AIM OF THE TASK:
What is wanted is the line holding "Bedroom, Garden view" and every later line through the end of the entries, set down exactly.

Web page caption snippets
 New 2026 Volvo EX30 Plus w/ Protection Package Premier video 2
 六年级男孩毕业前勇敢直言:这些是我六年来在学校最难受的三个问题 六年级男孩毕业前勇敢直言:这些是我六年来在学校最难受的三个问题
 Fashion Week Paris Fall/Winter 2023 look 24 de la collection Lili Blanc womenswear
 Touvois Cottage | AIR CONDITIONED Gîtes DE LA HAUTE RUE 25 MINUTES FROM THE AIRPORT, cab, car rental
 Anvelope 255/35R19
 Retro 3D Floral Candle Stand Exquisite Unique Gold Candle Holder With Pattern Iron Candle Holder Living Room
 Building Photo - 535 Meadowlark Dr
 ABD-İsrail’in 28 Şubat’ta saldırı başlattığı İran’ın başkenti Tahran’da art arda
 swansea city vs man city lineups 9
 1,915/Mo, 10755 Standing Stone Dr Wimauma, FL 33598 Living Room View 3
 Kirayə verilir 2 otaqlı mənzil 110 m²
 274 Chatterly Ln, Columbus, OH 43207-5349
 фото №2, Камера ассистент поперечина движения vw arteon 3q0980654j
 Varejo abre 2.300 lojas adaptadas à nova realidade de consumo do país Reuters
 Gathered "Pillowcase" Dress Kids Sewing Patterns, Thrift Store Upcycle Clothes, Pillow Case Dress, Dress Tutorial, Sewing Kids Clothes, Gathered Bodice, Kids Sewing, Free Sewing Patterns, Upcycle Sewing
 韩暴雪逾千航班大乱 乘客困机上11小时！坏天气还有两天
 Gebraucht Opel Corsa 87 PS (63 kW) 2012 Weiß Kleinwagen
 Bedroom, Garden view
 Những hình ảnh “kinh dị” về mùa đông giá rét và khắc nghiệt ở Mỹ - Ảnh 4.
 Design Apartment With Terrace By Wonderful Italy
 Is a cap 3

REPLY TO THE TASK:
 Bedroom, Garden view
 Những hình ảnh “kinh dị” về mùa đông giá rét và khắc nghiệt ở Mỹ - Ảnh 4.
 Design Apartment With Terrace By Wonderful Italy
 Is a cap 3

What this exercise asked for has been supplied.